§ Data for review:
==========

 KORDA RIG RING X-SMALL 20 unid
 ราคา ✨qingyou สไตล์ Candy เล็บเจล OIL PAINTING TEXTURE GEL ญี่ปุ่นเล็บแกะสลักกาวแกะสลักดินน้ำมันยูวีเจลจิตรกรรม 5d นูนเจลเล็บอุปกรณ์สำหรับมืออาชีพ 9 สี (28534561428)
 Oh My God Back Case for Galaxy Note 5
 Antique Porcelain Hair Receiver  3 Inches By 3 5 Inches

==========

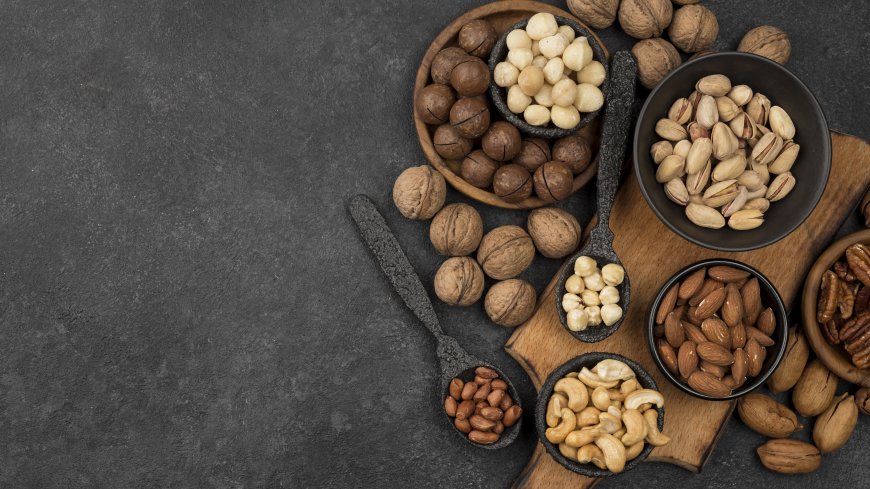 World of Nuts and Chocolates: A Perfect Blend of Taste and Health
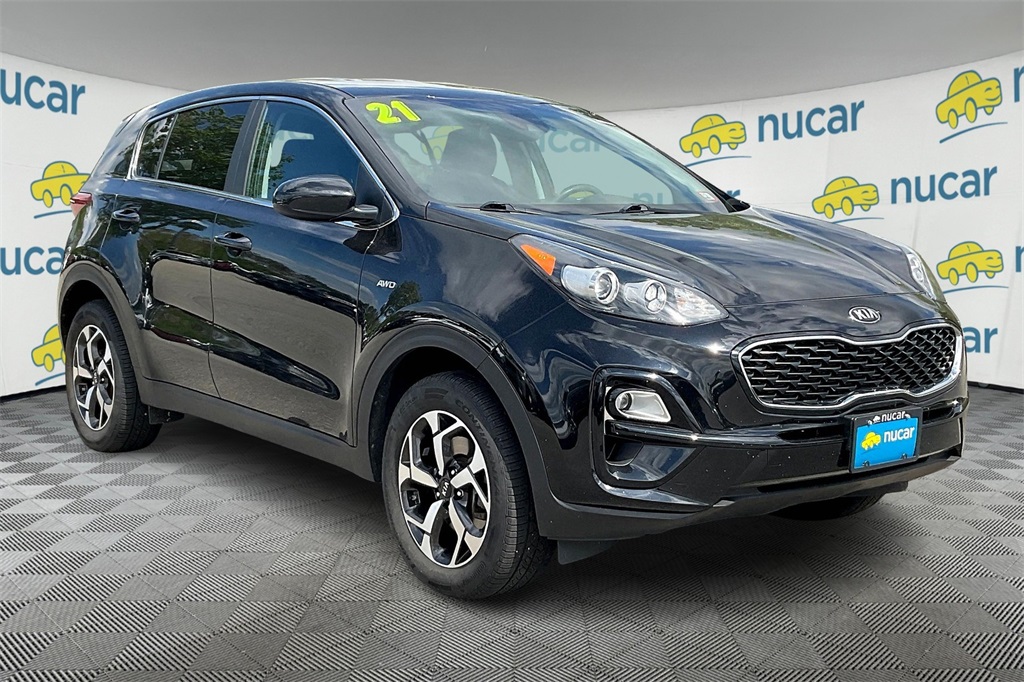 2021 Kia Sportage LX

==========

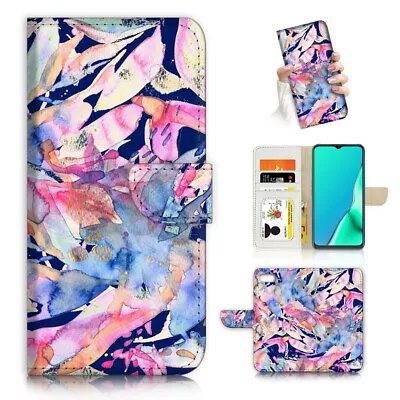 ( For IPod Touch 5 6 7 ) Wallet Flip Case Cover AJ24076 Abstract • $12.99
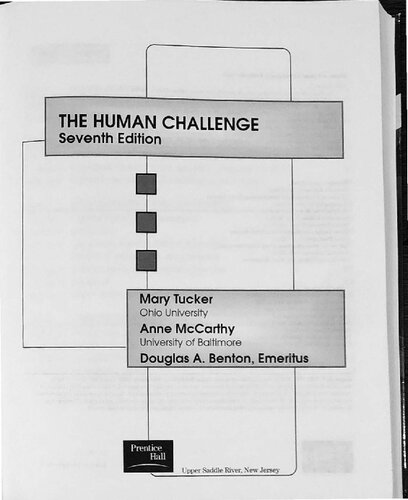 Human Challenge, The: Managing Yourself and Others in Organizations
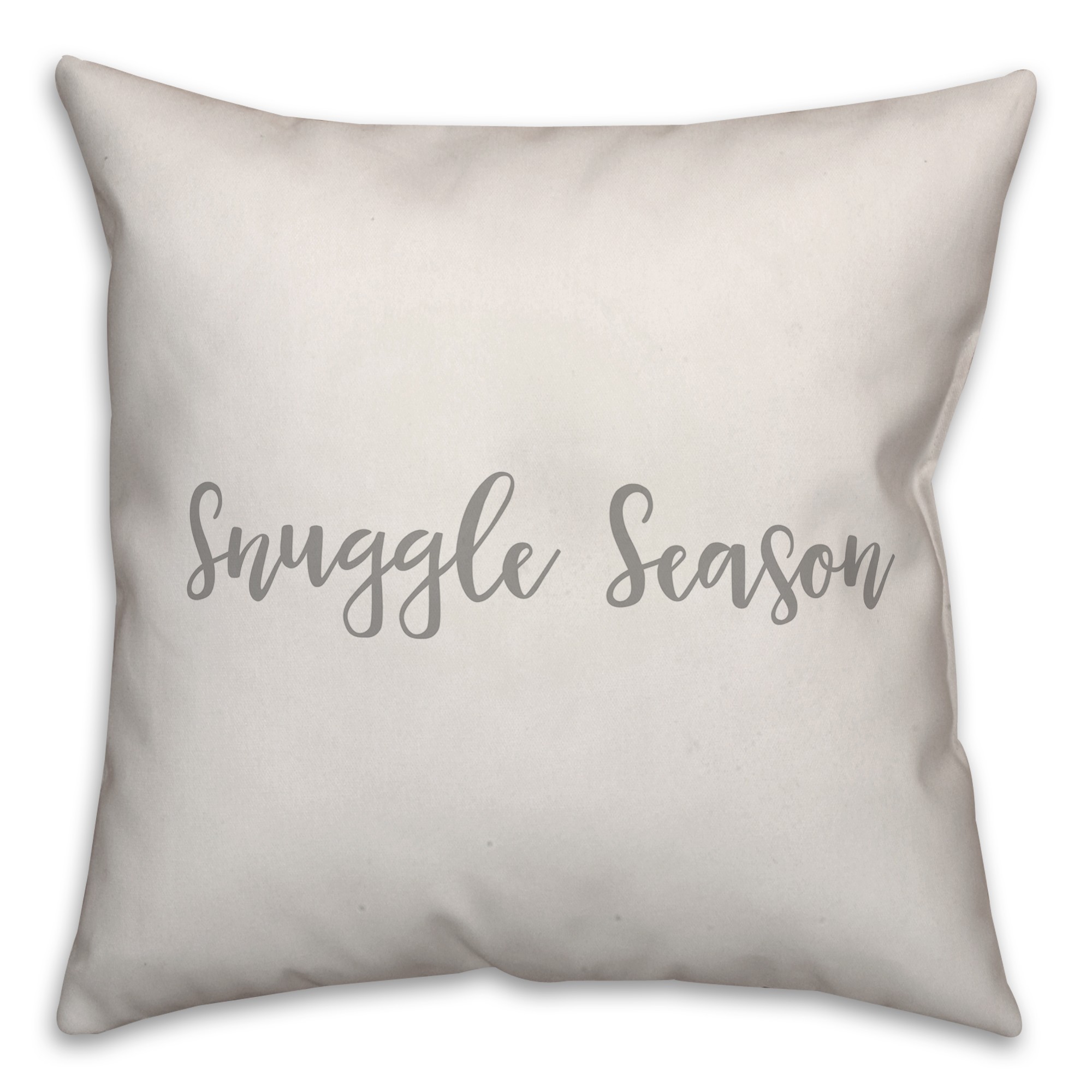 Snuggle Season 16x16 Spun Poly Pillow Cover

==========

§ Work instruction:
Every line from the line containing "KORDA RIG RING X-SMALL 20 unid" through the line containing "Antique Porcelain Hair" in the records above must be retyped exactly. Leave out the rest.

§ Written answer:
 KORDA RIG RING X-SMALL 20 unid
 ราคา ✨qingyou สไตล์ Candy เล็บเจล OIL PAINTING TEXTURE GEL ญี่ปุ่นเล็บแกะสลักกาวแกะสลักดินน้ำมันยูวีเจลจิตรกรรม 5d นูนเจลเล็บอุปกรณ์สำหรับมืออาชีพ 9 สี (28534561428)
 Oh My God Back Case for Galaxy Note 5
 Antique Porcelain Hair Receiver  3 Inches By 3 5 Inches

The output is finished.